I have a strange mind, but hey it’s my strange mind. I have always had this strange little thought that hey, maybe we are not real. Maybe we are just little dolls living in a huge dollhouse and God is just playing with us. It’s just a thought, something to make you go hmmm?!

What is really funny about this is my youngest daughter has the same warped mind as I do and she finds my dollhouse thing funny. My oldest daughter on the other hand finds this whole little scenario disturbing and is actually scared of it.

Not really thinking about this little story I bought a dollhouse kit for the 3 of us to put together as a summer project.
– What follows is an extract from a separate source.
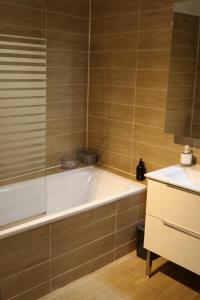 Appartements Les rives de l'odet, vue riviere : photos des chambres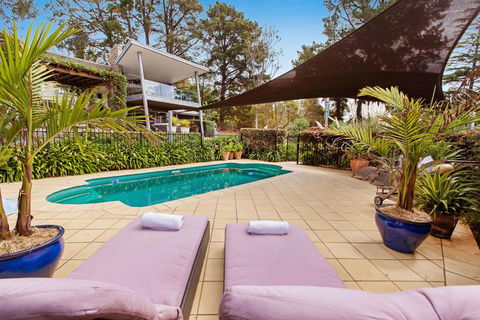 COUNTRY MEETS THE BAY - MOUNT ELIZA - Accommodation Cairns 0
My youngest one keeps telling me, of course when her sister is listening, “I can’t wait to build God’s new house? Do you think he will give us nice new neighbors!” Of course I tell her to stop teasing her sister, on my way to the bathroom so I can laugh by myself!

The Garden Of Eden

I think God must be a golfer. How else do you explain the beauty of Augusta National and the traditions of The Masters. I was very fortunate to attend the Masters back in 2000. What made it even more special was that we attended on Wednesday which is the last practice day and the day that the players get to play the Par 3 tournament. The minute I walked out and saw the Par 3 Course I stood back and tried to catch my breath. I had just walked out into the Garden Of Eden. That is the only way I can explain the beauty of this nine hole par 3 course. It was such a treat to be able to watch the Par 3 Tournament on TV yesterday. My girls loved watching the kids help their Dads play golf. Hopefully one day I will be able to make a return visit to the Garden Of Eden. 

 

WWMD?

This morning while driving my morning school bus route my youngest daughter started asking me a whole bunch of questions which is typically normal for her. She asked me what WWJD stood for? I told her it stood for What Would Jesus Do? and that if you ever needed to know if you were doing something wrong you should ask yourself this question. Then she pops up and says it should be WWMD. I, of course, ask her what does that mean and she replies What Would Mom Do?. Then she goes on to explain that Jesus and God will always forgive you but if you do something wrong Mom will ground you!